- **What is being asked**
Your reply should consist only of the lines from the one holding "Mangosteen & Coconut Water Refresher" to the last line of the data below, written out exactly and without pictures.

Excerpted records Block Start

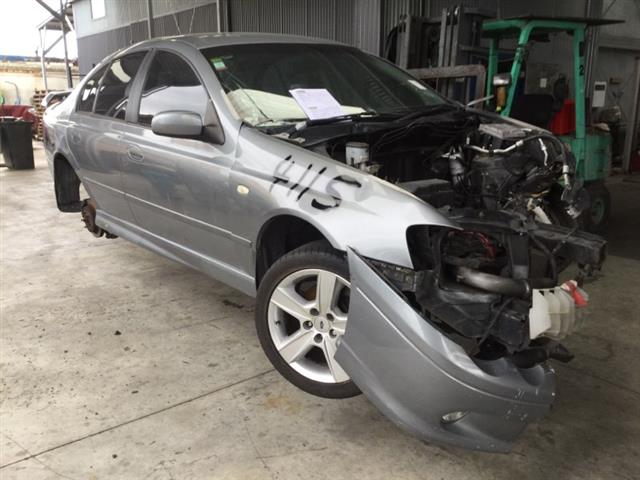 Ford XR6 BA Turbo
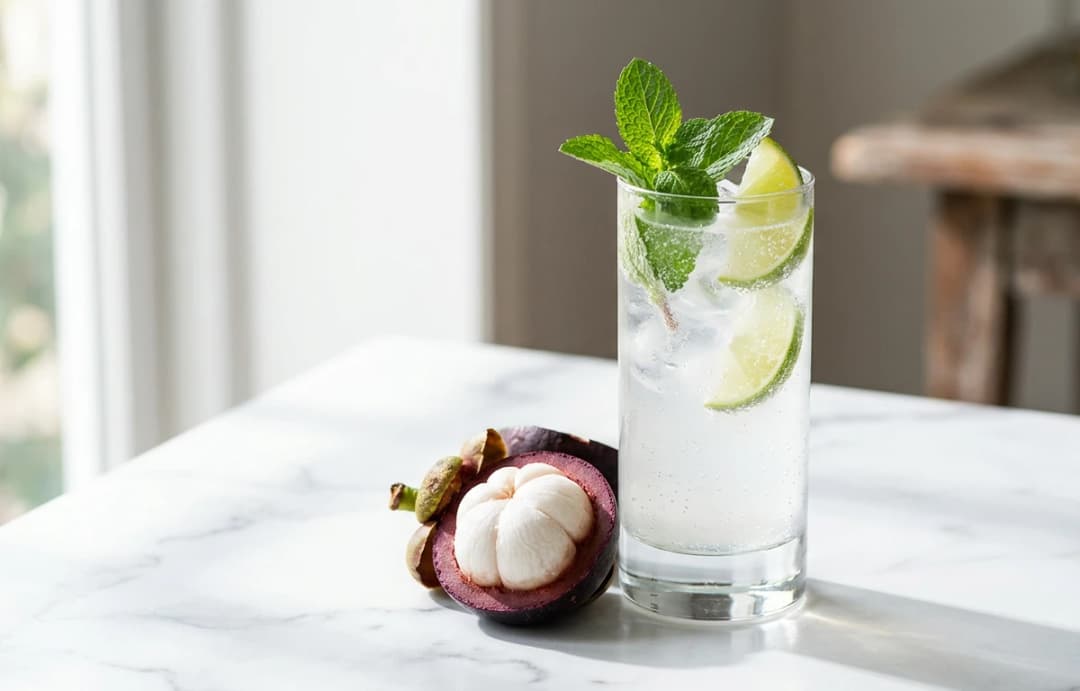 Mangosteen & Coconut Water Refresher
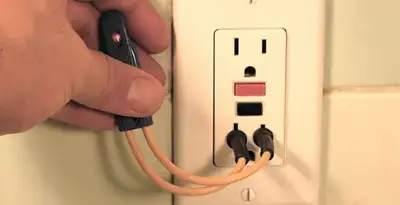 gfci circuits service testing ground fault circuit interrupter outlet to ensure electrical protection in Tucson, AZ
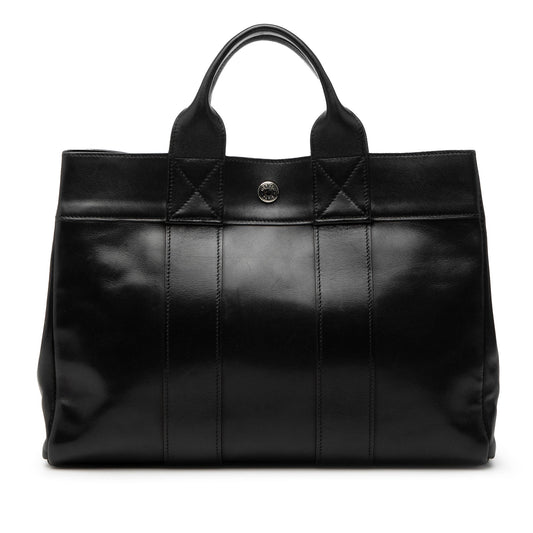 Hermès Box Calf Fourre Tout PM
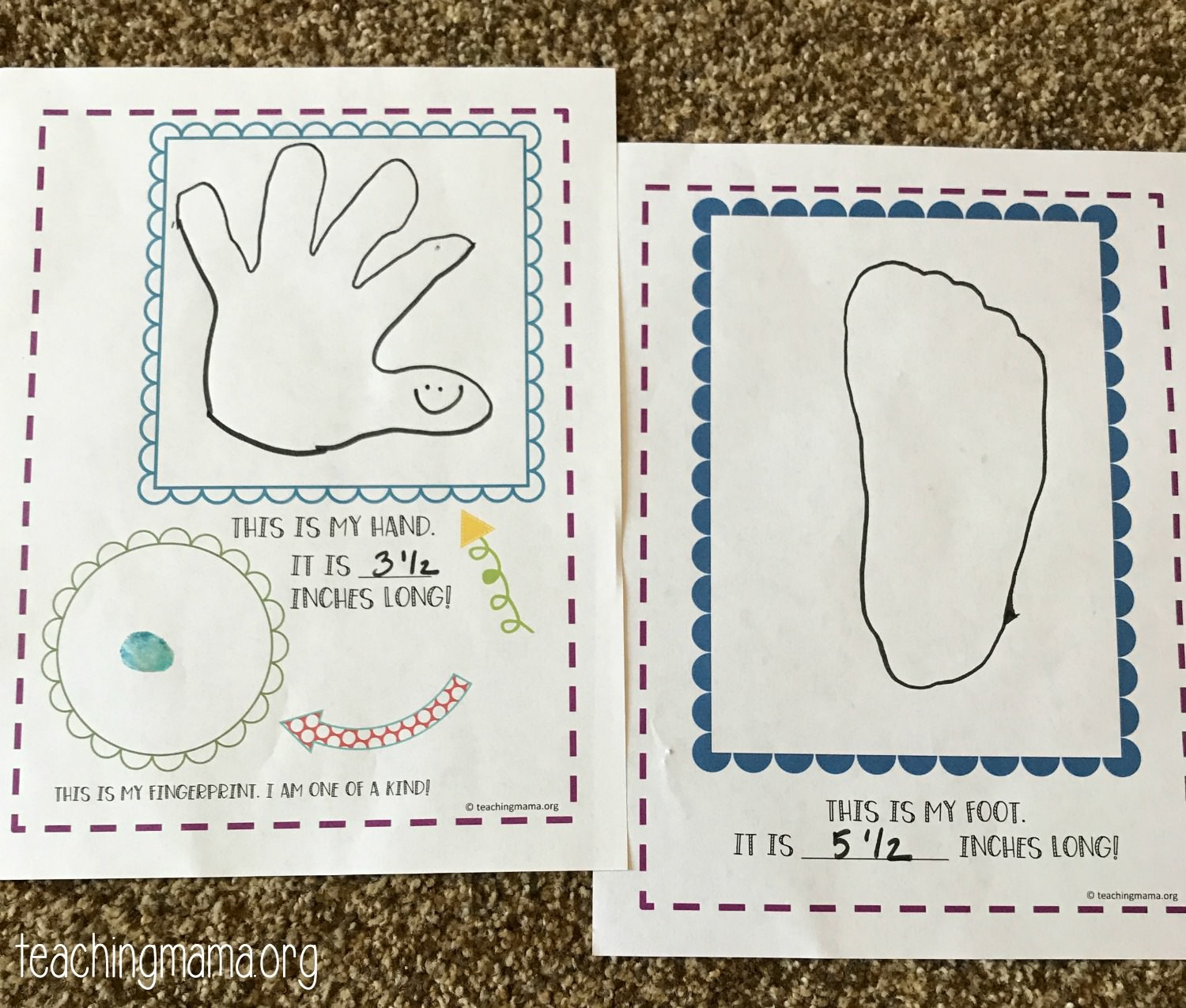All About Me Preschool Theme regarding All About Me 2 Year Old Worksheet
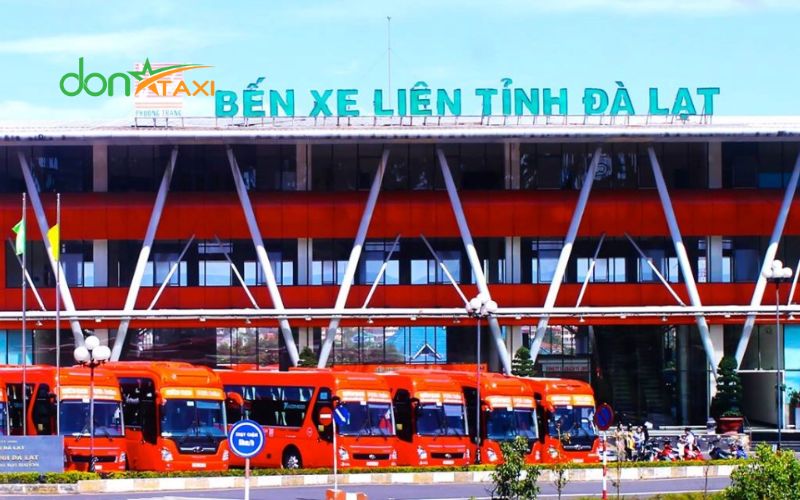 xe Phương Trang từ Nha Trang đi Đà Lạt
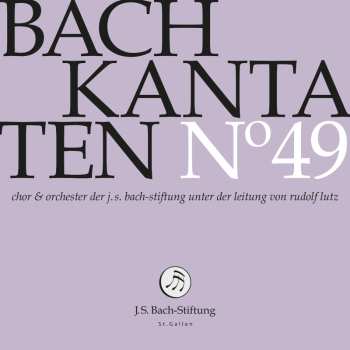 Album Johann Sebastian Bach: Kantaten N°49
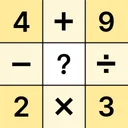 Math Puzzle Games - Crossmath® app icon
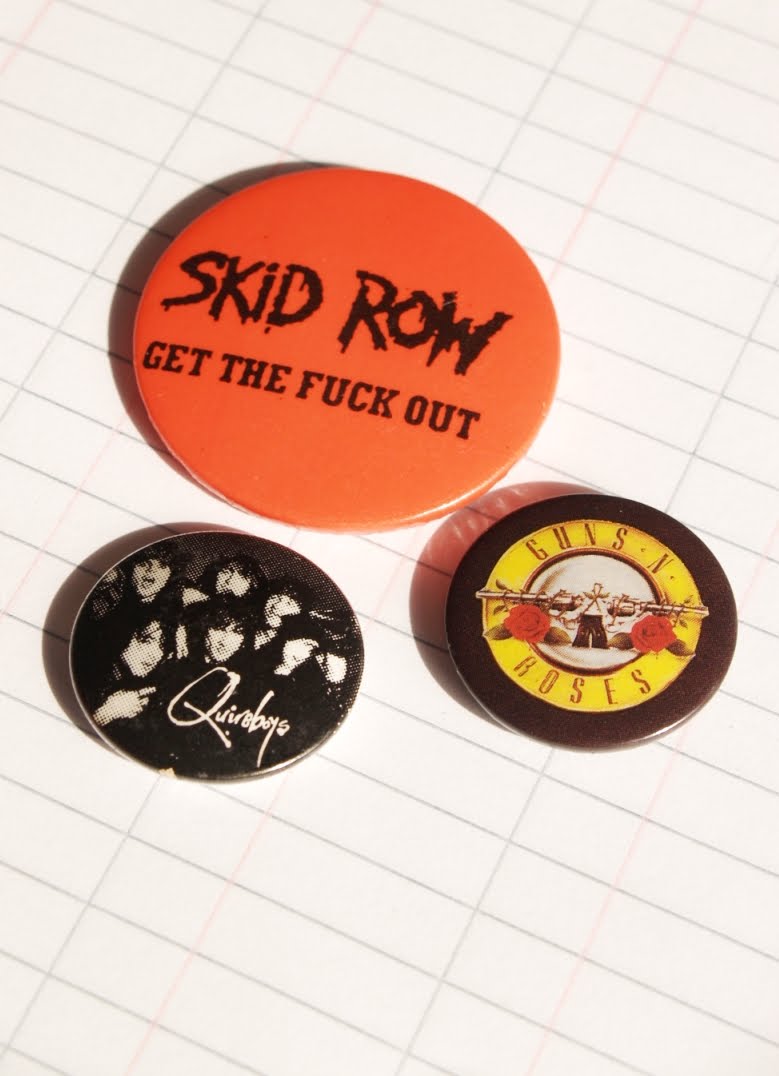 Rock Band Badges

Excerpted records Block End

- **Output for this exercise**
 Mangosteen & Coconut Water Refresher
 gfci circuits service testing ground fault circuit interrupter outlet to ensure electrical protection in Tucson, AZ
 Hermès Box Calf Fourre Tout PM
All About Me Preschool Theme regarding All About Me 2 Year Old Worksheet
 xe Phương Trang từ Nha Trang đi Đà Lạt
 Album Johann Sebastian Bach: Kantaten N°49
 Math Puzzle Games - Crossmath® app icon
 Rock Band Badges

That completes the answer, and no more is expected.